- Film poster
- Directed by: Axel Corti
- Written by: Axel Corti Frederic Raphael Jacques Tournier Daniel Vigne
- Produced by: Maurice Bernart
- Starring: Timothy Dalton; Valeria Golino;
- Cinematography: Gernot Roll
- Edited by: Bryan Oates
- Music by: Gabriel Yared
- Distributed by: Premiere Distributing (United Kingdom);
- Release date: 14 November 1990;
- Running time: 138 minutes
- Countries: France Italy United Kingdom
- Languages: French English

= The King's Whore =

1990 film

The King's Whore (La putain du roi, La puttana del re) is a 1990 drama film directed by Axel Corti, starring Timothy Dalton and Valeria Golino.
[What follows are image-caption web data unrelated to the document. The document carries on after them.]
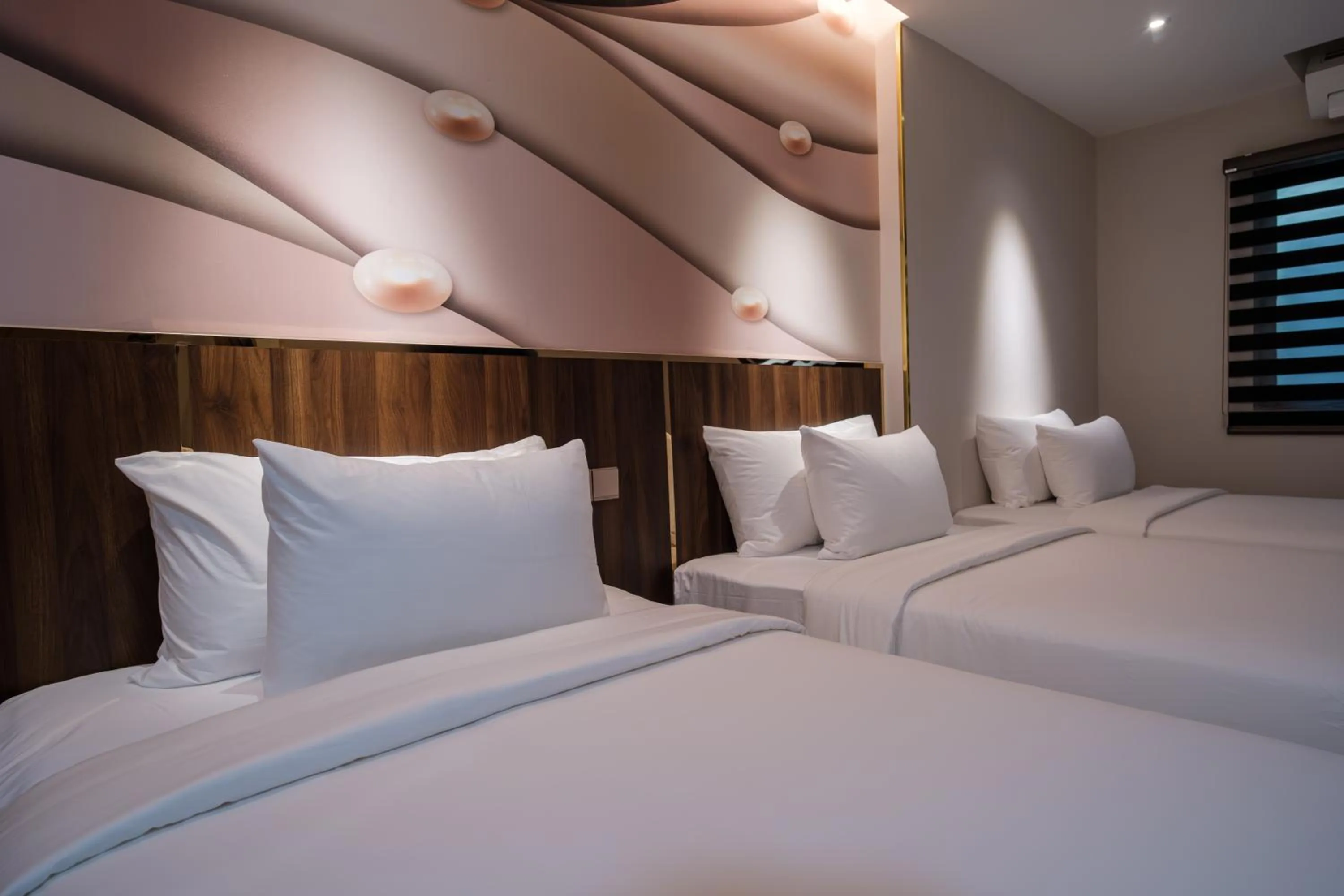 Bed in Dai Nam Boutique Hotel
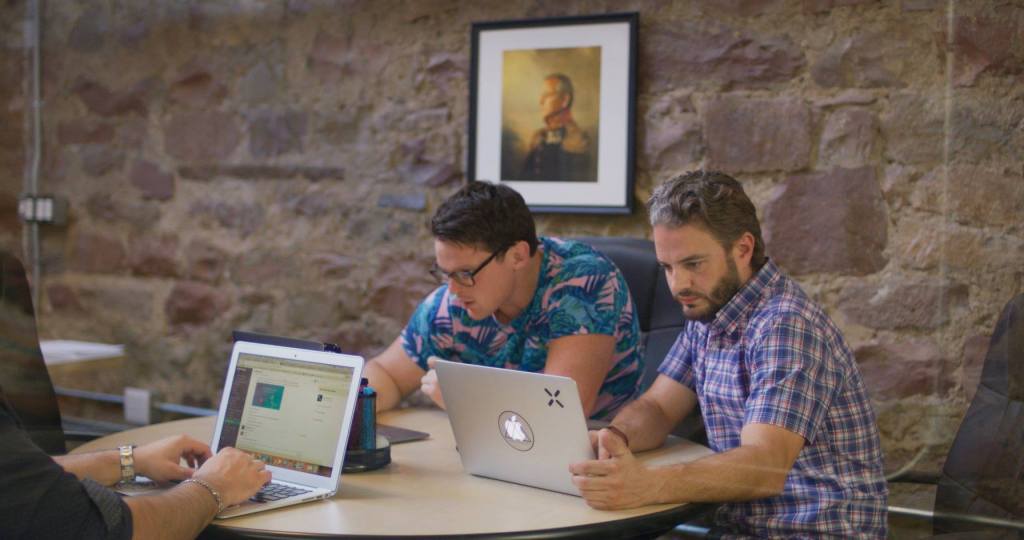 digital marketers working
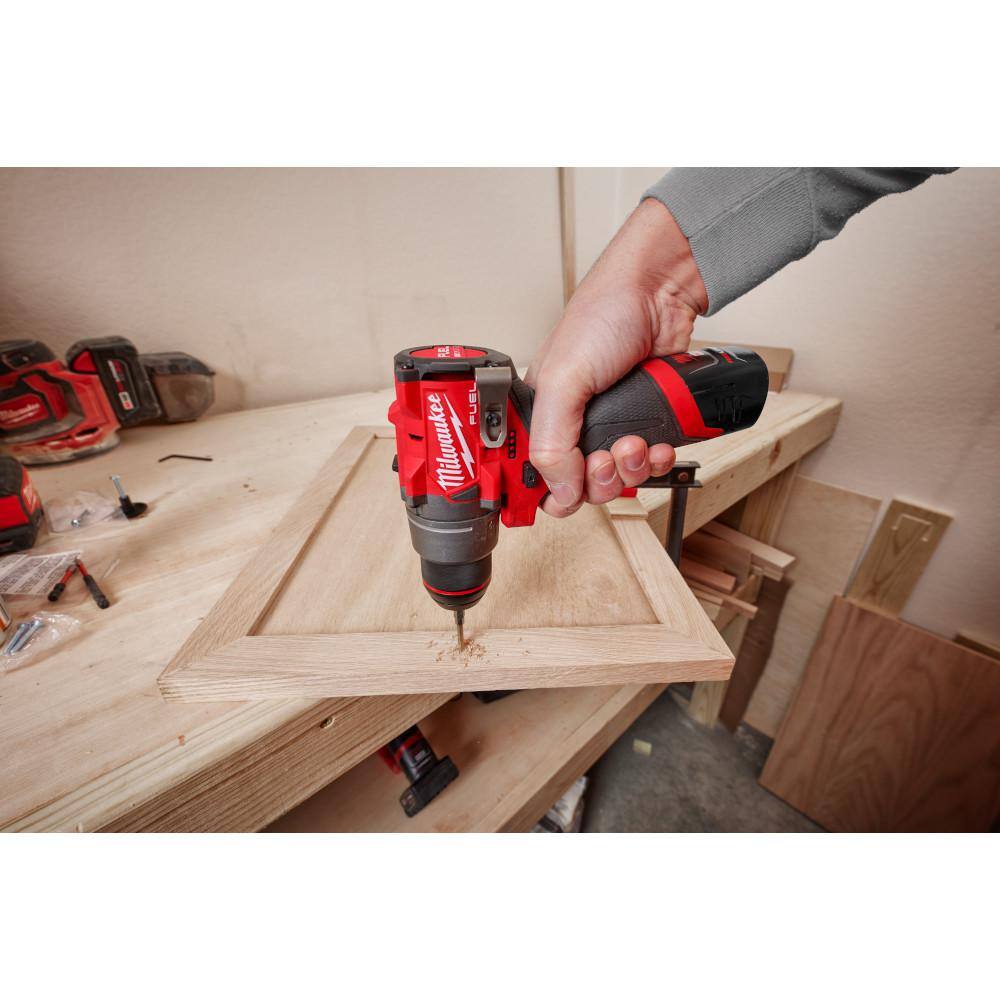 M12 FUEL 12-Volt Lithium-Ion Brushless Cordless Hammer Drill and Impact Driver Combo Kit (2-Tool) with Cut Off Saw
It was entered into the 1990 Cannes Film Festival.

==Plot==
Set in the 17th century, an Italian nobleman weds an impoverished countess, who is wooed by the Duke of Piedmont and faces pressure from his entire court to succumb to his wishes.

==Cast==
- Timothy Dalton as Vittorio Amedeo II
- Valeria Golino as Jeanne de Luynes
- Stéphane Freiss as Le Comte di Verrua
- Robin Renucci as Charles de Luynes
- Margaret Tyzack as La Comtesse douairière
- Eleanor David as La Reine
- Paul Crauchet as Le Duc de Luynes
- Amy Werba as Heloïse
- Franco Valobra as Le Duc d'Aoste
- Francesca Reggiani as Marie Christine
- Leonardo Ruta as Le Prince Vittorio
- Luigi Bonos as 2nd Priest (as Gigi Bonos)
- Elisabeth Kaza as Countess Trevie (as Elizabeth Kaza)
- Lea Padovani as Countess Cumiana
- Anna Bonaiuto as Countess Longhi

==Release==
Originally picked up by Miramax Films for U.S. distribution, the film was never given the benefit of a U.S. theatrical release. The film was shown at various film festivals and in theaters overseas. The film was finally released on videocassette in 1993 by Vidmark Entertainment in the United States and in Canada by C/FP Video. In 2002, the film was released on a budget DVD by Platinum Disc.